NVIDIA GPU Hierarchy
Hardware
• CUDA core

• where threads run and the work is performed
• traditionally lots of support for integer & single precision (float)
• increasingly more double precision (double) support AND half-int (for…?)
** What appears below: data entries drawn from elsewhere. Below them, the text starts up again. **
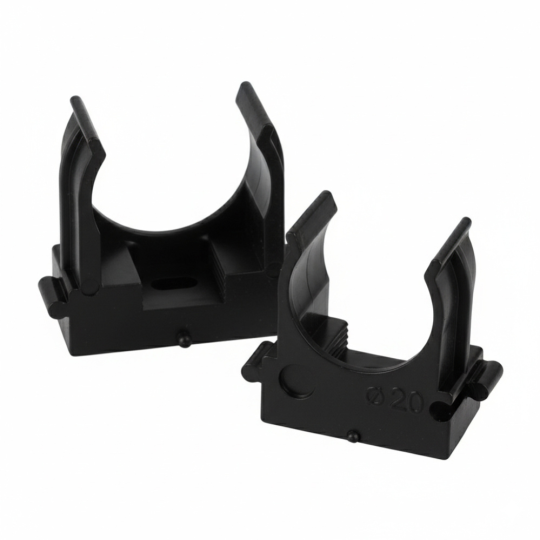 Крепеж-клипса для труб для прямого монтажа STEKKER PMPH32B черная в п/э D32 мм (упаковка 25 шт)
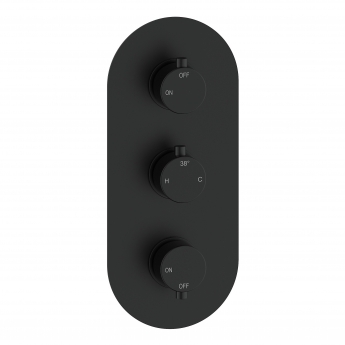 Signature Reflex Thermostatic 2 Outlet Concealed Shower Valve Triple Handle - Matt Black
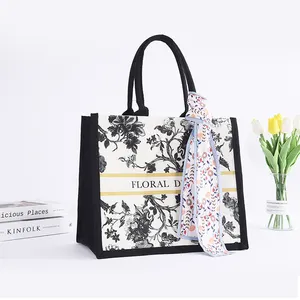 Customizable Canvas Tote Bags Make Your Mark with a Personalized Ink flowers Carry All for Any Occasion like shopping gift etc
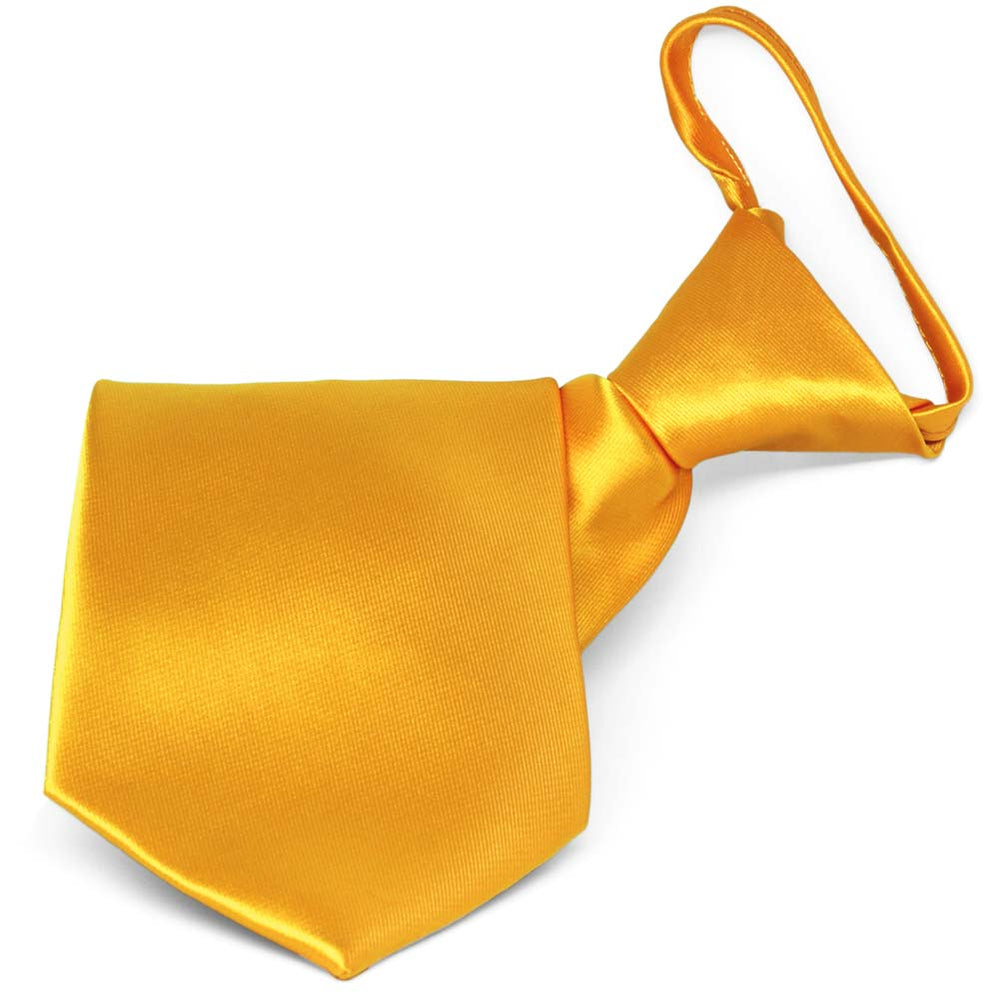 Golden Yellow Solid Color Zipper Tie
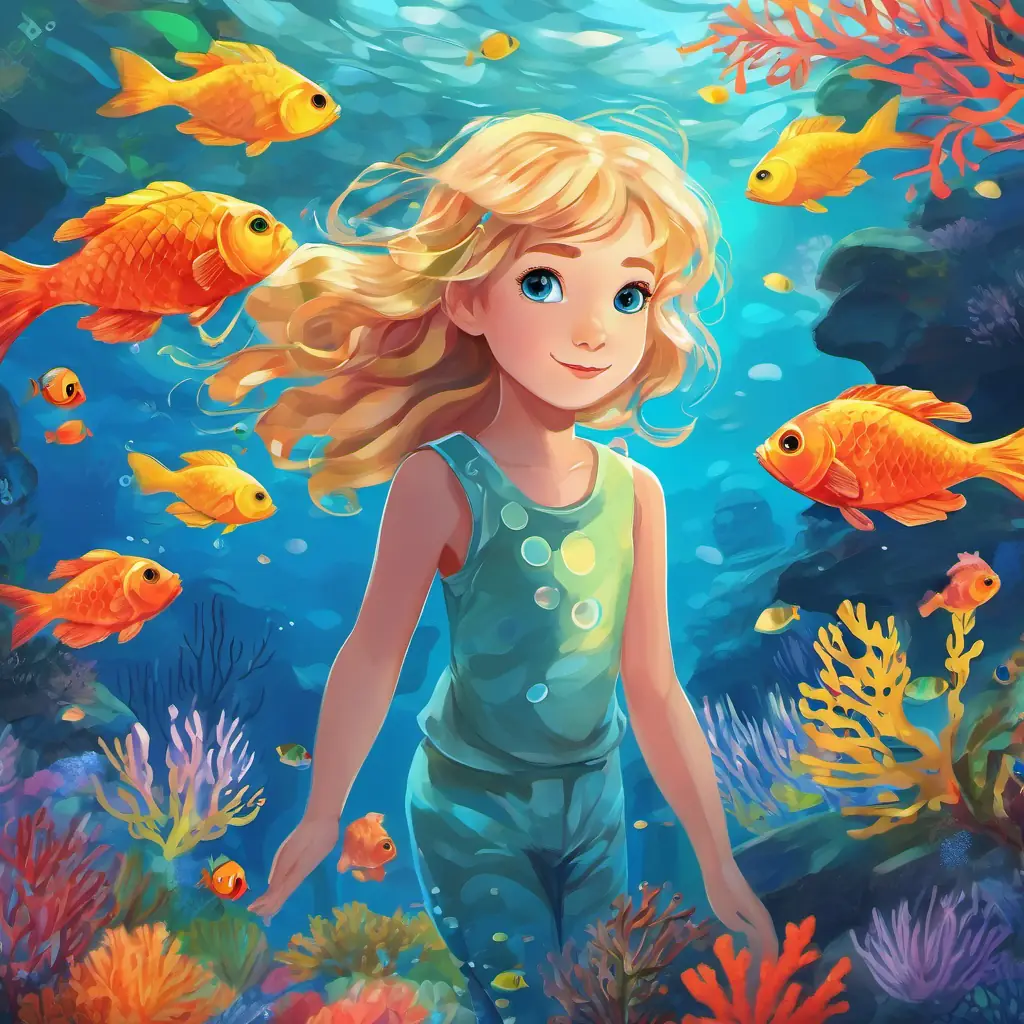 Lily - a little girl with golden hair and bright blue eyes swimming underwater with colorful fish and vibrant coral reefs.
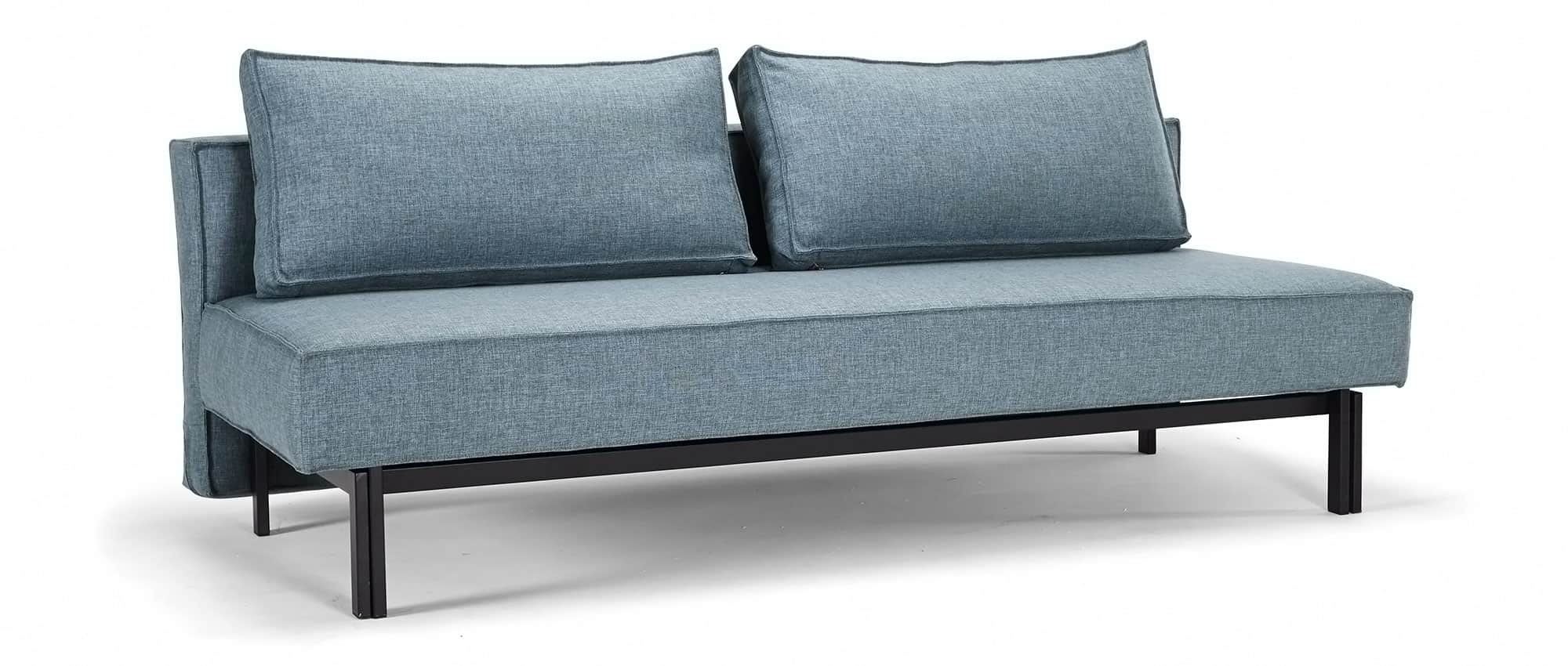 SLY blaues Schlafsofa Gästebett von Innovation, schwarze Metallfüße, Klappsofa ohne Armlehnen - Liegefläche 140x200 cm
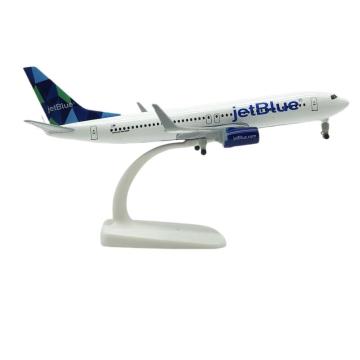 20cm 1/200 Scale JetBlue Airline Boeing 737 Model Plane - Alloy Construction with Landing Gear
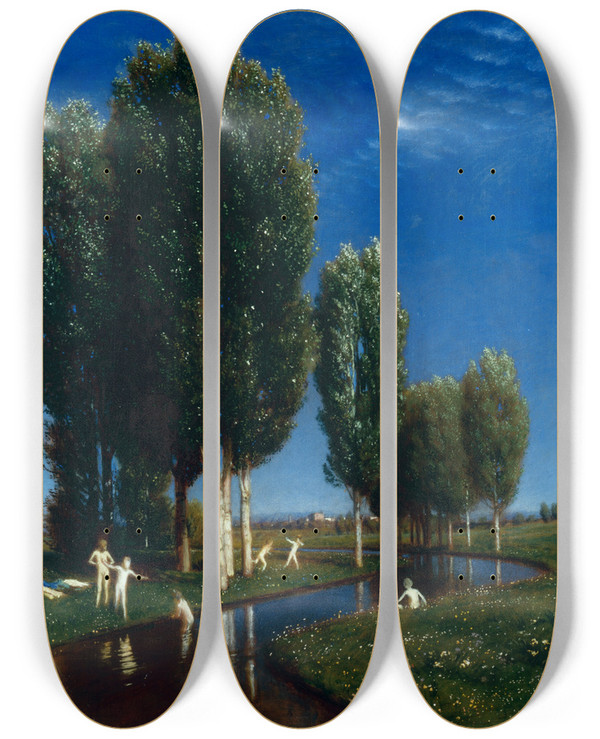 Triptych art skateboard deck of Arnold Bcklin Summer Day by Arnold Bocklin (1827-1901)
Streaming Multiprocessor (SM, (SMP))

• a number of CUDA cores

• the GPU
• a number of SMs

• “deviceQuery” (CUDA SDK|examples) -> gives details of actual GPU

Barkla – System Architecture

login1

login2

viz01

viz02

comp
sci

node001

node002

node003

node135

node136

himem01

himem02

gpu01

gpu02

gpu03

phi01

phi02

phi03

phi04

srun

sbatch

User can “ssh” in to either login or interactive viz node. If doing any GUI or debug runs then use one of the interactive viz nodes.
To do compute work (on CPU nodes, CPU nodes with extra RAM, nodes with batch GPUs, or the Xeon Phi nodes) you have to
use the “SLURM” batch system, typically “sbatch” for batch jobs and “srun” for interactive runs on the compute nodes

login nodes compute nodes (accessible via batch system)

Note that from outside of Barkla, the login
nodes are “barkla4.liv.ac.uk” and

“barkla5.liv.ac.uk”, and the interactive gpu
nodes are “barkla6.liv.ac.uk” and

“barkla7.liv.ac.uk”

COMP328/COMP538 (c) mkbane, university of liverpool

Barkla – System Architecture

login1

login2

viz01

viz02

comp
sci

node001

node002

node003

node135

node136

himem01

himem02

gpu01

gpu02

gpu03

phi01

phi02

phi03

phi04

srun

sbatch

User can “ssh” in to either login or interactive viz node. If doing any GUI or debug runs then use one of the interactive viz nodes.
To do compute work (on CPU nodes, CPU nodes with extra RAM, nodes with batch GPUs, or the Xeon Phi nodes) you have to
use the “SLURM” batch system, typically “sbatch” for batch jobs and “srun” for interactive runs on the compute nodes

login nodes compute nodes (accessible via batch system)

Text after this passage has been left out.